RCHowell edited this page May 24, 2023 · 2 revisions

Description

The purpose of this document is to give readers more information on how to analyze/modify/traverse the abstract syntax tree (AST) returned by PartiQL's parser.

The PartiQL Lang Kotlin source code uses the PartiQL IR Generator (PIG) to generate the AST data structure and associated Visitors and Visitor Transforms. The Visitor allows you to traverse the tree, while the Visitor Transforms allow you to modify the tree as it is traversed.

Example Use-Cases

Some readers may ask what use-cases may require traversing the AST, and this section proposes the following scenarios:

Checking for Data Manipulation Language (DML)

Suppose your application does not support DML in user-specified queries, and you have a Command Line Interface (CLI) that supports syntax highlighting. Your use-case might be to highlight any areas of the query that contain DML statements with red -- perhaps to show your users where their query is wrong.

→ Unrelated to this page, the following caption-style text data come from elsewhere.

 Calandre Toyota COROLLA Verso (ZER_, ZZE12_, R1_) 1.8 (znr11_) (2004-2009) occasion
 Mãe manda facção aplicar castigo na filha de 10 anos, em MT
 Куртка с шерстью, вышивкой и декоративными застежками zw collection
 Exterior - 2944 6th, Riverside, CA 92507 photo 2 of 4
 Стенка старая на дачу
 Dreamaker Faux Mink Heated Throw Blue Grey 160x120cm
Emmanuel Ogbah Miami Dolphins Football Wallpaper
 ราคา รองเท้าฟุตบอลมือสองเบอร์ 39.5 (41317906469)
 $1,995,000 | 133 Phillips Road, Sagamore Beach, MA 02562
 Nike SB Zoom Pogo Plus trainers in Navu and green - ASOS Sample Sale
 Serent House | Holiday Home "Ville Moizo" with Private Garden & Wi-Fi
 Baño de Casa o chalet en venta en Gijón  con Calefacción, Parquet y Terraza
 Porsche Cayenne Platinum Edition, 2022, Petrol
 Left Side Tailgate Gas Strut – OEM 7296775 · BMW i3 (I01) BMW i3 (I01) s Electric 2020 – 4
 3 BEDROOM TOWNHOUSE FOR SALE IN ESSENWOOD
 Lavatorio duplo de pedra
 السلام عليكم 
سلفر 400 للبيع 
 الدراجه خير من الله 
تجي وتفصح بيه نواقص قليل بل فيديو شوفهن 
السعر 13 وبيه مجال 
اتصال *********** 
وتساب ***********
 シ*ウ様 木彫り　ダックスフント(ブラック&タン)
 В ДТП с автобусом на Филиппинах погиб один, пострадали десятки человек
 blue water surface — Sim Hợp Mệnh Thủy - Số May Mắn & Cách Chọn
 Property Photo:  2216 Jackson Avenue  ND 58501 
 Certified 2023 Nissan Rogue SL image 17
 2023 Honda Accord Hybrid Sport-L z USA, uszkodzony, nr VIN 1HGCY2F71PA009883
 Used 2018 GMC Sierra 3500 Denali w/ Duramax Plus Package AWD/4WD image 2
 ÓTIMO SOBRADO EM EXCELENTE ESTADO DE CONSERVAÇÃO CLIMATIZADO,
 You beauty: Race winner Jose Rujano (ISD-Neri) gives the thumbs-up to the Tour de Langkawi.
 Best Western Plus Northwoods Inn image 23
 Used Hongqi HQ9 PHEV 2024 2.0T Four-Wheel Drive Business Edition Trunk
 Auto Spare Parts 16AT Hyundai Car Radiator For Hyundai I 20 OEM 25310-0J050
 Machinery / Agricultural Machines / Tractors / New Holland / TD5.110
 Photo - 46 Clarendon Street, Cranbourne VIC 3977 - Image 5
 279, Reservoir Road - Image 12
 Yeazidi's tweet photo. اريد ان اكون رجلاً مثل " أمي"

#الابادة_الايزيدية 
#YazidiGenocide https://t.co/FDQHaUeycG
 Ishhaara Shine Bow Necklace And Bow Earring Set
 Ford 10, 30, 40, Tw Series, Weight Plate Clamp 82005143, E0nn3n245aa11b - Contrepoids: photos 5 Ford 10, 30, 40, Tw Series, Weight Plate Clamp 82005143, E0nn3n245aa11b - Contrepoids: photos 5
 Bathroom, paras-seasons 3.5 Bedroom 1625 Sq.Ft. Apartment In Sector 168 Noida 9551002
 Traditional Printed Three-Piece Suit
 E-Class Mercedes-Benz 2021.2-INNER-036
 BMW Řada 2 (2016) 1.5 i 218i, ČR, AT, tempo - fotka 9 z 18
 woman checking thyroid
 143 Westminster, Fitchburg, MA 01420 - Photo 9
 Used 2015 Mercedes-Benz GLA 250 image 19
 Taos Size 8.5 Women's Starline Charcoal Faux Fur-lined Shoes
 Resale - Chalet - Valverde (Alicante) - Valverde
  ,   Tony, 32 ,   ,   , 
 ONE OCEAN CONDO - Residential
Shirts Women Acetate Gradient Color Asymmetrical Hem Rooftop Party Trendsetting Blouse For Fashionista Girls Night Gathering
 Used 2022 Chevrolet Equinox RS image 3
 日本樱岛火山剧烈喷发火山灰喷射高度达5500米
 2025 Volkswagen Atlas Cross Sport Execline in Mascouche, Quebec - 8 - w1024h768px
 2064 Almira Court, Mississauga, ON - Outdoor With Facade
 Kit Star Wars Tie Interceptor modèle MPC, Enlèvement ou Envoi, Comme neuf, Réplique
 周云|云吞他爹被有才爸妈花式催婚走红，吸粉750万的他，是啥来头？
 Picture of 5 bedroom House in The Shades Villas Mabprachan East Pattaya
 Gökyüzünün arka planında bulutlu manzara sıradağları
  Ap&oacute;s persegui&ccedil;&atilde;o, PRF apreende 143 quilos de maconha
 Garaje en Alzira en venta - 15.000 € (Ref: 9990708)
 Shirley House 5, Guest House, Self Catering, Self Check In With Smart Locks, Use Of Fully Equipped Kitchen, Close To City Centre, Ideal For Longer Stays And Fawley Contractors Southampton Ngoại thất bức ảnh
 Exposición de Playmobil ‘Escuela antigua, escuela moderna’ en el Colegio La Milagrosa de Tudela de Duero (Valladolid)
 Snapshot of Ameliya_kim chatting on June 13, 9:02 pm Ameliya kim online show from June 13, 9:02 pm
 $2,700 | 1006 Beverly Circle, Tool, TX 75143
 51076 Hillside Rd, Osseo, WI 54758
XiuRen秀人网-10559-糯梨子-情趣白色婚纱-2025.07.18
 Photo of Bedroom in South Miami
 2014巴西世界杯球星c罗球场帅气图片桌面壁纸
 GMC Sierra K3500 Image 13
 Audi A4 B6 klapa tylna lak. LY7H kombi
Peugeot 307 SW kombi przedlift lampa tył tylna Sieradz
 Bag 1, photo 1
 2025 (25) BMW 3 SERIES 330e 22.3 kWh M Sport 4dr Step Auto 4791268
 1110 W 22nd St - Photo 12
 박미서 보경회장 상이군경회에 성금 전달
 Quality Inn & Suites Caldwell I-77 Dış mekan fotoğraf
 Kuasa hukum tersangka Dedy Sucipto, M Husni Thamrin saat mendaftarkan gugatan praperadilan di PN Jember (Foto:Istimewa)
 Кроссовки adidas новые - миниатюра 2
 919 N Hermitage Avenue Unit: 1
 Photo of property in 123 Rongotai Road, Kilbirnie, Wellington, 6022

This is a perfect example of how a PartiqlAst.Visitor can be leveraged to traverse the AST, check for DML statements, and throw exceptions with location information of the found statement.

import org.partiql.lang.domains.PartiqlAst
import org.partiql.lang.eval.sourceLocationMeta
import org.partiql.lang.syntax.PartiQLParserBuilder

fun main() {
    val parser = PartiQLParserBuilder.standard().build()
    val query = "INSERT INTO customers VALUE { 'id': 1, 'name': 'John' }"
    val ast = parser.parseAstStatement(query)

    try {
        DmlEnforcer.walkStatement(ast)
    } catch (ex: Throwable) {
        when (ex) {
            is DmlEnforcer.DmlException -> highlightErrorLocation(ex.line, ex.char, ex.length)
            is RuntimeException -> highlightErrorQuery()
            else -> highlightErrorQuery()
        }
    }
    highlightSuccessQuery()
}

object DmlEnforcer : PartiqlAst.Visitor() {
    override fun visitStatementDml(node: PartiqlAst.Statement.Dml) = throwDmlException(node)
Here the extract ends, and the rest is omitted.